/pySCENIC_snakemake

pySCENIC implementation using snakemake

Primary LanguagePython

pySCENIC Snakemake pipeline

Snakemake pipeline implementing pySCENIC workfow to be used in the Curry BioQuant cluster. At this stage is intented to start from counts or normalised gene expression matrices of already mapped reads so this pipeline provides tools for data analysis of gene expression data.

Integrated modules

At the present the following modules are included:

  • pySCENIC - Algorithm to infere regulons for Transcription Factors and scoring cells according to the expression of genes in this modules.

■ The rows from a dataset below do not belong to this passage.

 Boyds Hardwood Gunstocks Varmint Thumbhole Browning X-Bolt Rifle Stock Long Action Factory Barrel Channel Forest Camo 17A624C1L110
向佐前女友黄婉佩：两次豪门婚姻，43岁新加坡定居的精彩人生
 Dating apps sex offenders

Structure of the pipeline directory

root -- databases 
     -- sc
     -- input
     -- output
     -- configs    

1. Installation

  • Clone the github repository:
git clone https://github.com/hdsu-bioquant/pySCENIC_pipeline.git
  • Create and activate a conda environment with snakemake (version >= 5.31.1).

2. Options configuration

In this step you must provide the local paths to where your specific data is located.

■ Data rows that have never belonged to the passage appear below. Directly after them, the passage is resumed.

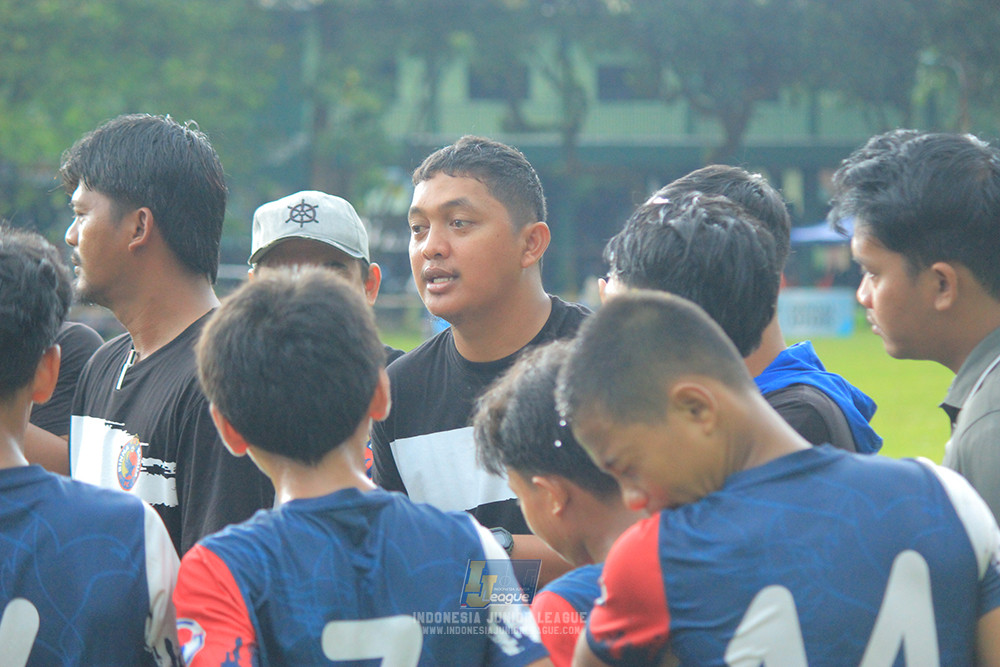 ijl u13 170126 binna banua fc red vs isa marzuki bandriawan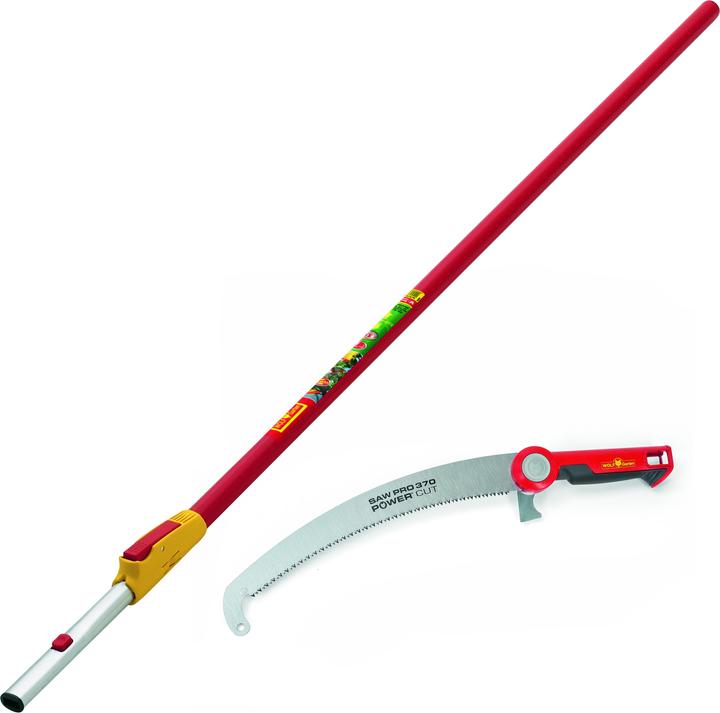 Actual product image Wolf-Garten Multi-Star
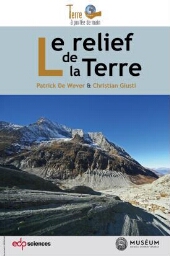Le relief de la Terre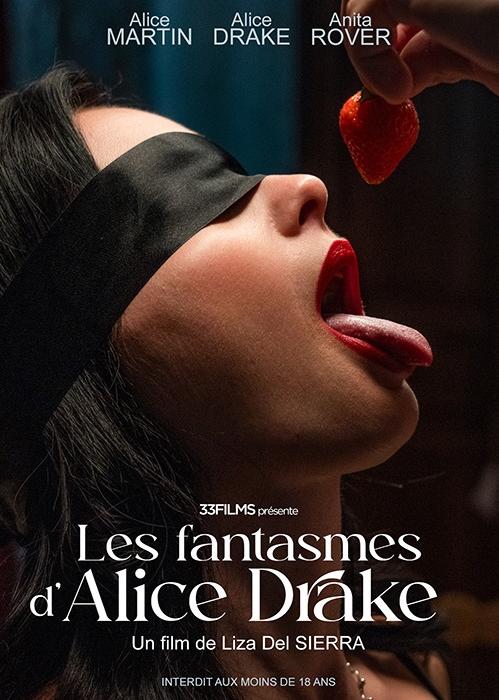 Les Fantasmes D'Alice Drake / The Fantasies of Alice Drake (2024)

Definition of the pySCENIC input

In order to run the pySCENIC module you need to provide a normalised gene expression matrix. Please, store the file containing the matrix in the input/ directory.

Edit the config/config.yaml file as follows:

mtx: input/my_matrix_file_name.tsv
organism: human
workers: 10
  • mtx - The path to the gene expression matrix input (my_matrix_file_name.tsv, for example).
  • organism - Can be set to 'human' or 'mouse'.
  • workers - Number of workers for GRNBoost step. Note: For very small datasets sometimes this parameter must be set to a low value (1~3) otherwise an error might rise.

IMPORTANT: The matrix input used by pySCENIC must be a tsv file with genes in columns and cells in rows (as opposed to the majority of scRNA-Seq tools). Please, check the pySCENIC documentation for more details.

2. Running the pipeline

Go to the root directory of the snakemake pipeline and execute the simple command:

snakemake --cores 20 --configfile configs/config.yaml

3. Inspection of the results

Once the pipeline is finished the results are going to be stored in the output directory. For more information about the pySCENIC output we referred to the corresponding documentation.

NOTE: Because of the differences in machine platform and cluster settings it is advisable to test first the pipeline using the example matrix colon_scenic_input_test_1k.tsv allready included in the input folder.